I've been trying to get my head around transistors again. I watched this video:
In that he said that whilst there was a 0.7V drop between base and emitter, because of the PN junction, there was "almost no" drop between collector and emitter because the PNP junction "cancelled it out". In fact he measured around a 0.1V drop between collector and emitter due to manufacturing issues.
Meanwhile, on this page (Transistors 101):
http://sunburst.usd.edu/~schieber/psyc770/transistors101.html
He says that:
2.) If the transistor is on, the Collector voltage is 1.6 volts higher than the Emitter voltage.
Both are using a similar circuit.
So they can't be both right, eh?
So I set up a test:
The LED had a forward voltage of 1.71 V.
The transistor had a Vbe of 0.872
The theoretical current through R1 would be:
(5 - 0.872) / 4700 = 0.000878 (0.878 mA)
Measured was 0.857 mA, so that is reasonably close.

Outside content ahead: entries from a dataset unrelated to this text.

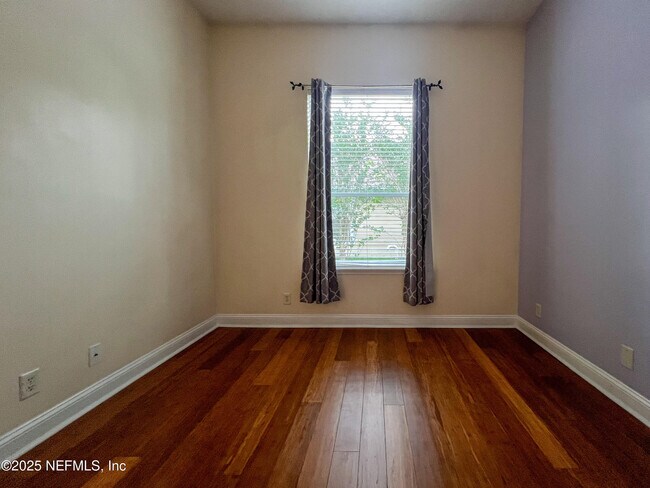 Building Photo - 1704 Tall Tree Dr E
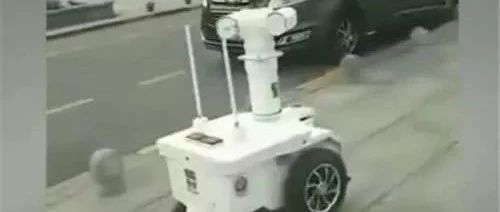 这个地方抓违停，连最先进的机器人都用上了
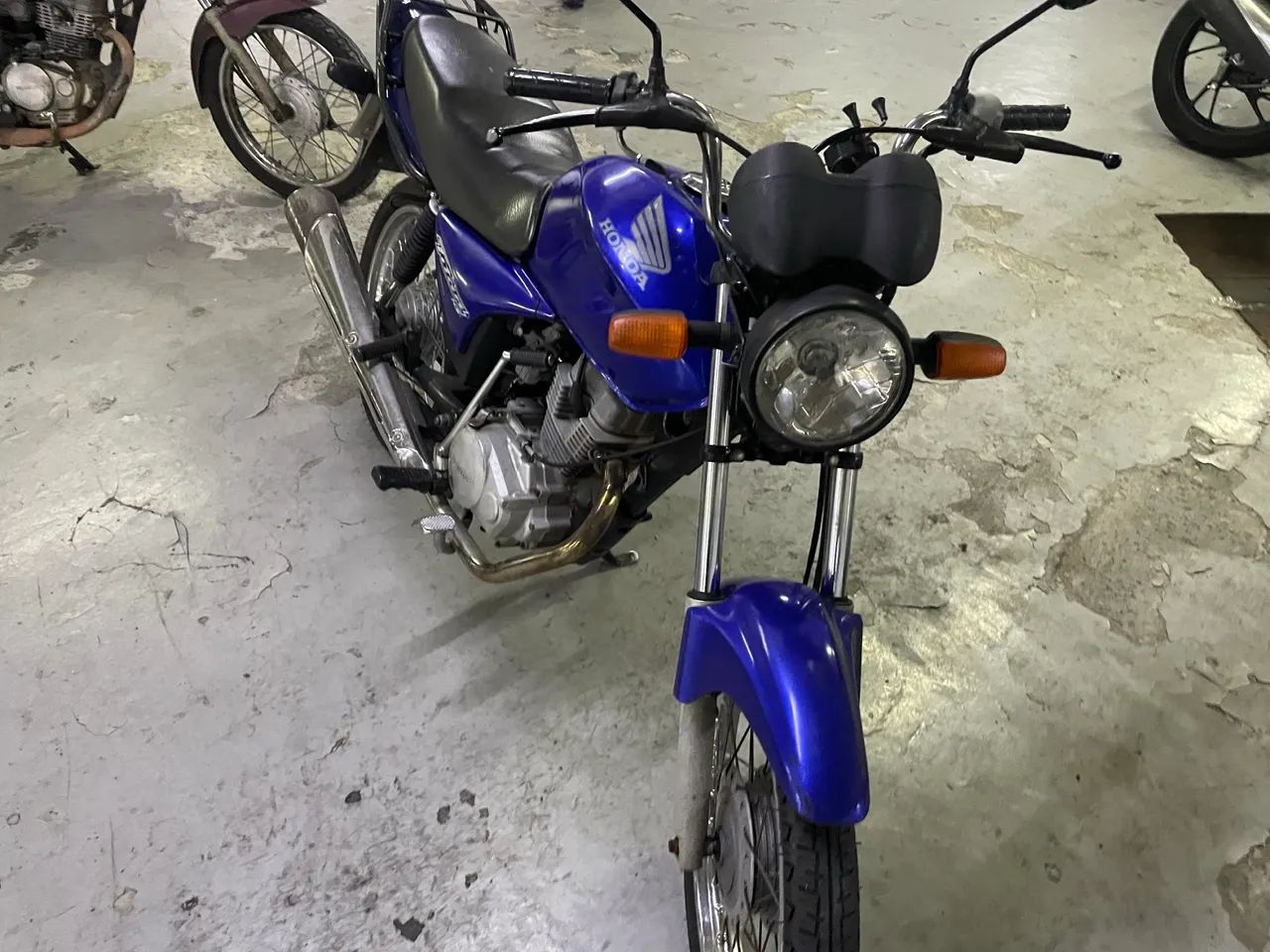 Titan 150 - Foto 2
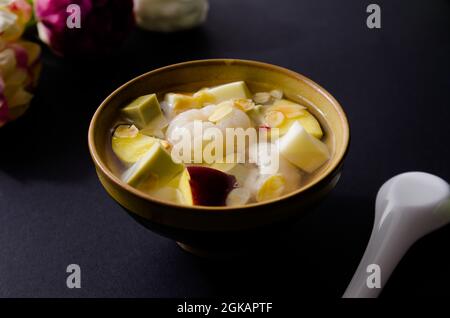 Khuc Bach-Tee ist ein Gericht, das Vietnamesen nicht fremd ist, das von Menschen in allen 3 Regionen geliebt und am häufigsten im Sommer gegessen wird. Stockfoto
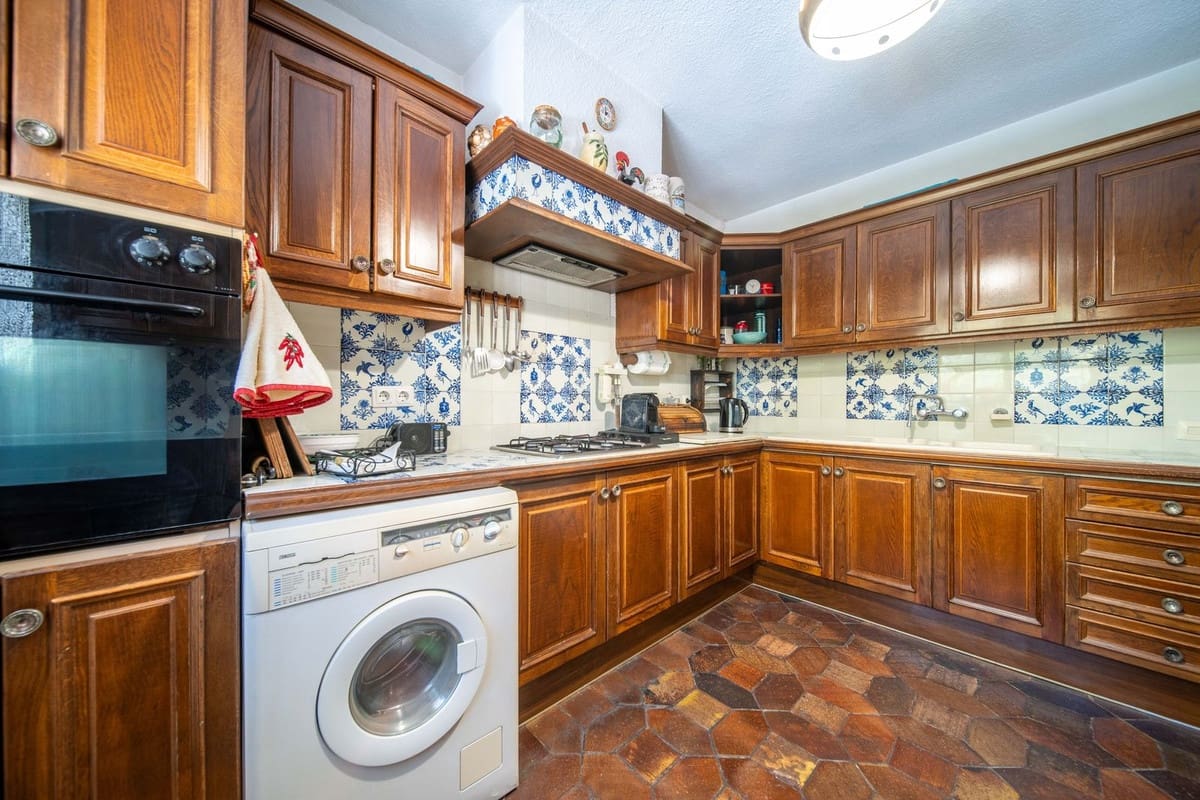 Chalet de 3 habitaciones en Fuengirola en venta - 1.250.000 € (Ref: 9432568)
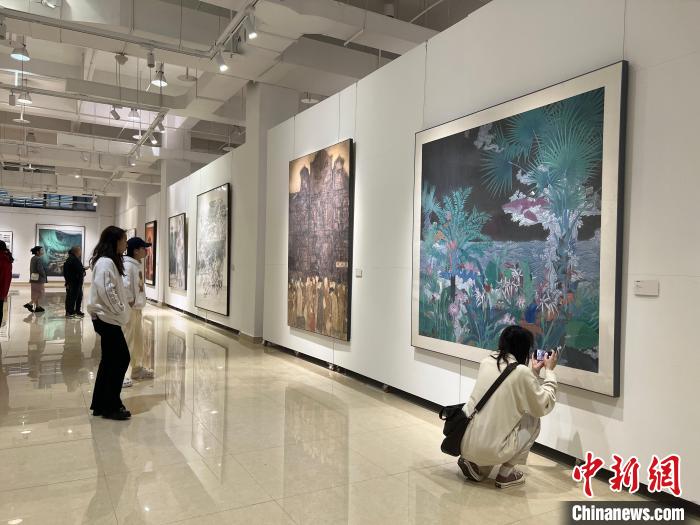 圖為全國青年教師中國畫學術邀請展吸引學生觀展?！＄婌?攝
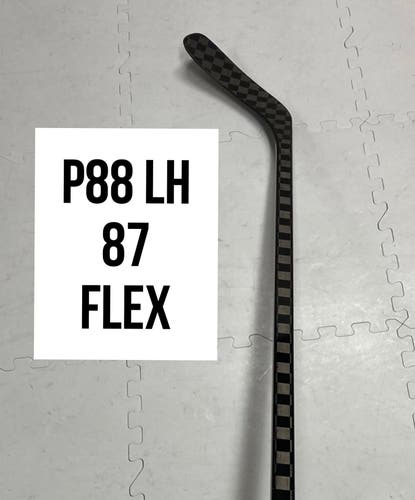 Senior(1x)Left P88 87 Flex ProBlackStock™ Unbranded Blackouts Pro Stock Nexus Hockey Sticks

The theoretical current through R2 would be:
(12 - 1.71) / 560 = 0.018375 (18.38 mA)
Measured was 18.57 mA, so that is pretty close.
I measured 12.06 V at the +12 V point, and 10.28 at point C, giving a voltage drop of 1.78 V in circuit.
I measured 60 mV at point D, so it would appear that the collector/emitter voltage drop was closer to 0.1V than 1.6V.
I measured 19.20 mA at point E, so that would be roughly the collector/emitter current plus the base/emitter current.
Does all that sound right? And does that make this quote incorrect?
If the transistor is on, the Collector voltage is 1.6 volts higher than the Emitter voltage.